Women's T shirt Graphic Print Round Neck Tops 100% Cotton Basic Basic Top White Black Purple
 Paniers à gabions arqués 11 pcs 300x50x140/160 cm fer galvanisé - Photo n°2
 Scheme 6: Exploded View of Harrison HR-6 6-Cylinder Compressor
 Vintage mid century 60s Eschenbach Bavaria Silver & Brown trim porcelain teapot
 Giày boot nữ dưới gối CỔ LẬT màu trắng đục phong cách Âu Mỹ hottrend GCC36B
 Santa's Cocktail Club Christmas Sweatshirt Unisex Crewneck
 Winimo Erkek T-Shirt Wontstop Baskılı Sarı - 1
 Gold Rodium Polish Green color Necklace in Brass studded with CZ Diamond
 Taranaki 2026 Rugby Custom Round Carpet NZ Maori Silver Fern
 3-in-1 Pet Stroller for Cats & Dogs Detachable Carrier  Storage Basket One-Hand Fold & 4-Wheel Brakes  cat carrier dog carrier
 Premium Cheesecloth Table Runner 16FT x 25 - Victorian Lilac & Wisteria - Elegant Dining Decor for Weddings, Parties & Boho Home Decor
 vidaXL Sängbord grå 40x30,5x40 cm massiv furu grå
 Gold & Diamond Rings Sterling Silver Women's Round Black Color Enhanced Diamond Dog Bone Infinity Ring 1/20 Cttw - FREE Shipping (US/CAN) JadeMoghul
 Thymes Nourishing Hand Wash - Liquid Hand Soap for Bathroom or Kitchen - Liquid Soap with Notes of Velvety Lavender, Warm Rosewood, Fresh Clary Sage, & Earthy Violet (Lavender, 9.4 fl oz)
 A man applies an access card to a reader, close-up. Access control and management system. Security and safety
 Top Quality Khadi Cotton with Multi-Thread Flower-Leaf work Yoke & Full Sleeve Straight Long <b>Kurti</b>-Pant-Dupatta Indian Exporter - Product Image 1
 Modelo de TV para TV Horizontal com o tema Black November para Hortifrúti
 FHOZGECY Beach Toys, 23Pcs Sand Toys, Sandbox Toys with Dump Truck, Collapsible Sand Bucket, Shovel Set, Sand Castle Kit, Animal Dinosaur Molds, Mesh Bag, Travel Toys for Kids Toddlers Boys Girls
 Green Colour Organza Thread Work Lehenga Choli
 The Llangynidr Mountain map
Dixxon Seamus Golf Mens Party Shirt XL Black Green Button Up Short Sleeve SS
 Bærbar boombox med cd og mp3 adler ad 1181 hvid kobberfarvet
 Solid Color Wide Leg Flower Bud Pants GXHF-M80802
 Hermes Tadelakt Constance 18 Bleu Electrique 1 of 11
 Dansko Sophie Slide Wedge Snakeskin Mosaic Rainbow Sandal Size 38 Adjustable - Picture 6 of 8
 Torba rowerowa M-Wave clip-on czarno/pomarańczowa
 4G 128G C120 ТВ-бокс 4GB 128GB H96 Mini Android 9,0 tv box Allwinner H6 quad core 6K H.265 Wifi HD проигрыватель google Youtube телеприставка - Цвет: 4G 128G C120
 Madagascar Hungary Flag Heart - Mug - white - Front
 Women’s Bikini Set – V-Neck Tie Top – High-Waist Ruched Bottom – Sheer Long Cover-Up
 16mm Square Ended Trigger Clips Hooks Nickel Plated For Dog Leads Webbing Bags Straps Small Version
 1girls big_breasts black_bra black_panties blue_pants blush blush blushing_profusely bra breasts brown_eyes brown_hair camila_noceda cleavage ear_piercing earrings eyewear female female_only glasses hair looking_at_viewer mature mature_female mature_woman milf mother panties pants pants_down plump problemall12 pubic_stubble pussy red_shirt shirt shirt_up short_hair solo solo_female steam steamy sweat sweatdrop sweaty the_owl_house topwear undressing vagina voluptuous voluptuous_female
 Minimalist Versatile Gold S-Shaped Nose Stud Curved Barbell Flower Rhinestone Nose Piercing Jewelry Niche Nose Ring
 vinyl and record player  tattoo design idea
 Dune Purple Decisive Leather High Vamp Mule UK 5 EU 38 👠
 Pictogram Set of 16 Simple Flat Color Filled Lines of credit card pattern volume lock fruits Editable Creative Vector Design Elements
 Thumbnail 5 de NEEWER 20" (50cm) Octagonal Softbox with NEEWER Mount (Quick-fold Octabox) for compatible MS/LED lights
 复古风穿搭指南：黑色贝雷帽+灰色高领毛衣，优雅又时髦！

◇ ◇ ◇ ◇

Print only what lies in the material above starting at the line with "vidaXL Sängbord grå" and ending at the line with "Gold & Diamond", every line exactly as given.

* RESPONSE TO THE EXERCISE:
 vidaXL Sängbord grå 40x30,5x40 cm massiv furu grå
 Gold & Diamond Rings Sterling Silver Women's Round Black Color Enhanced Diamond Dog Bone Infinity Ring 1/20 Cttw - FREE Shipping (US/CAN) JadeMoghul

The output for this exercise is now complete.